Exercise input —
▽

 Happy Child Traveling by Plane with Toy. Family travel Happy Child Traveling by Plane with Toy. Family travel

△
▽

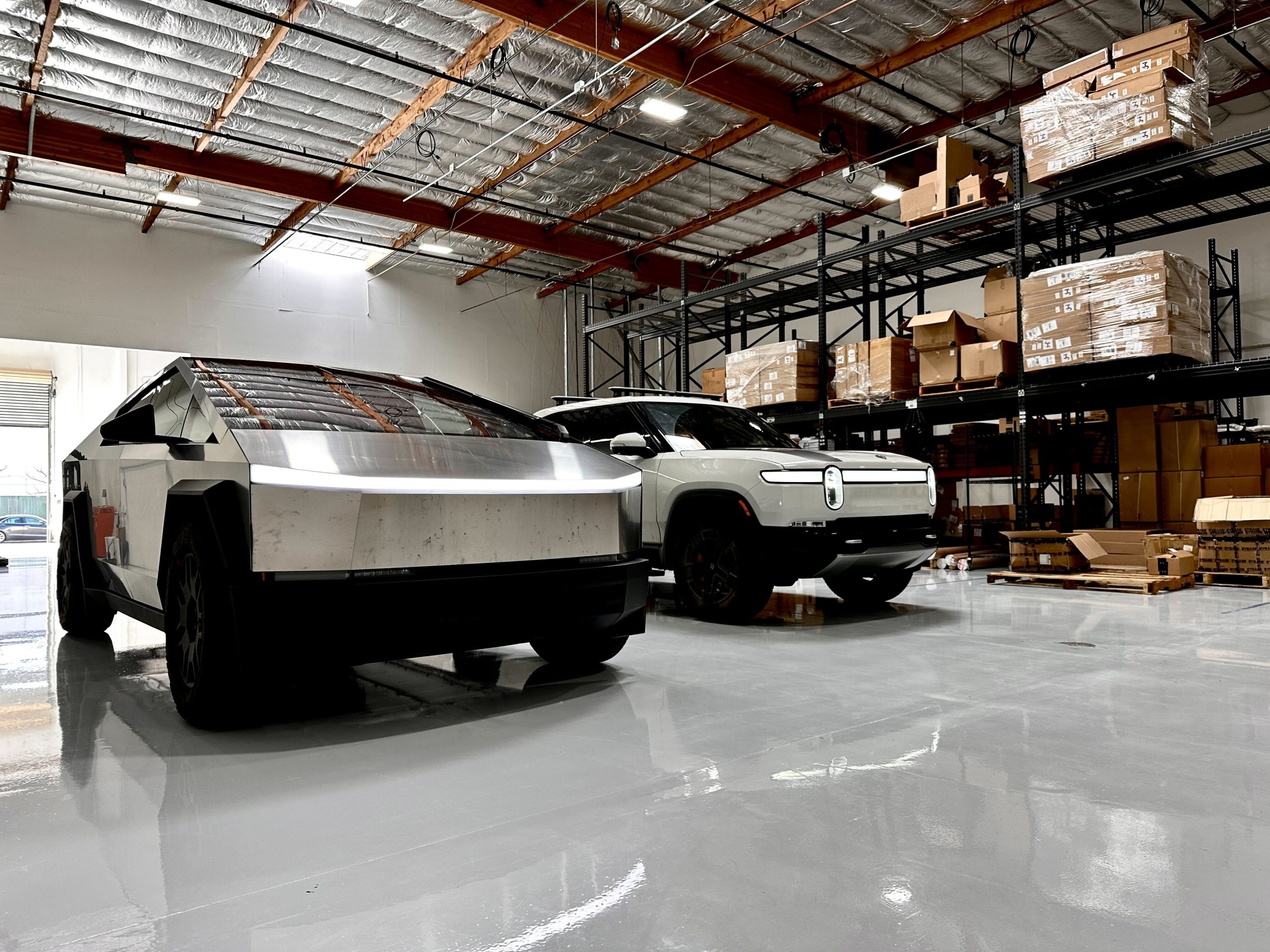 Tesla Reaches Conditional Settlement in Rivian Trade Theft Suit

△
▽

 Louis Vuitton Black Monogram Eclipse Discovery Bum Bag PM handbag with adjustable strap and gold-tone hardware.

△

How to complete this task — Show, from the listing above, every line holding the word "with".

Answer to this problem —
 Happy Child Traveling by Plane with Toy. Family travel Happy Child Traveling by Plane with Toy. Family travel
 Louis Vuitton Black Monogram Eclipse Discovery Bum Bag PM handbag with adjustable strap and gold-tone hardware.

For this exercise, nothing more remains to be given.